Claudine Marie Claire Loquen (born 1965), known as Claudine Loquen [Klodin loʊkən], is a French painter in the naïve style.

Several of his works are held in French and foreign museums (Musée Daubigny in Auvers-sur-Oise, Musée international d'art naïf in Magog, Musée d'art spontané in Brussels).

Biography

Early life

Loquen is born in Sainte-Adresse (Normandy) on 22 February 1965. She studied at the Ecole des Beaux Arts of Le Havre.

Career

In 2003, her first exhibition took place in Café Les Deux Magots in Paris.

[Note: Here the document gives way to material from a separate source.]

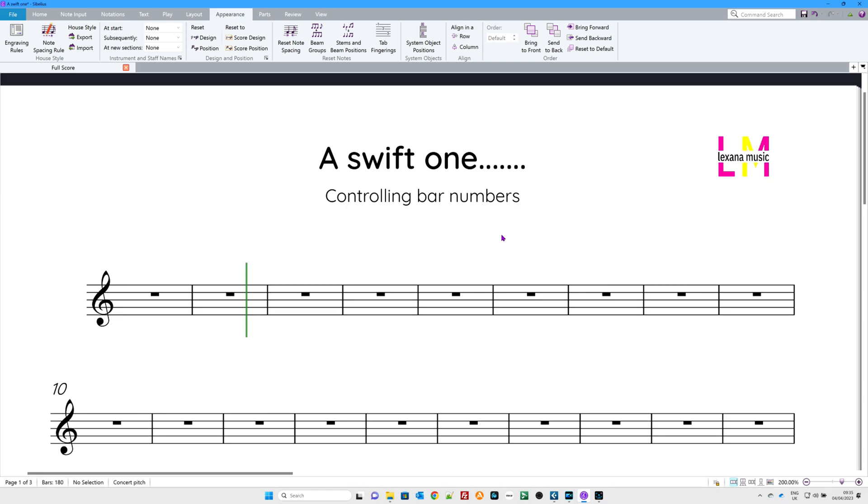Hello and welcome to another Swift one, this time controlling bar numbers in Sibelius. You have a number of options. Here we go.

Colombe Anouilh, on 8 December 2014, awarded her the Jean Anouilh prize for her work on canvas Young women with wolves (Jeunes filles aux loups) presented at the Salon d'automne, in Paris. In 2021, still at the Salon d'Automne, she was awarded the Naive Art prize for a painting
In the shadow of the flowering maidens (A l'ombre des jeunes filles en fleurs).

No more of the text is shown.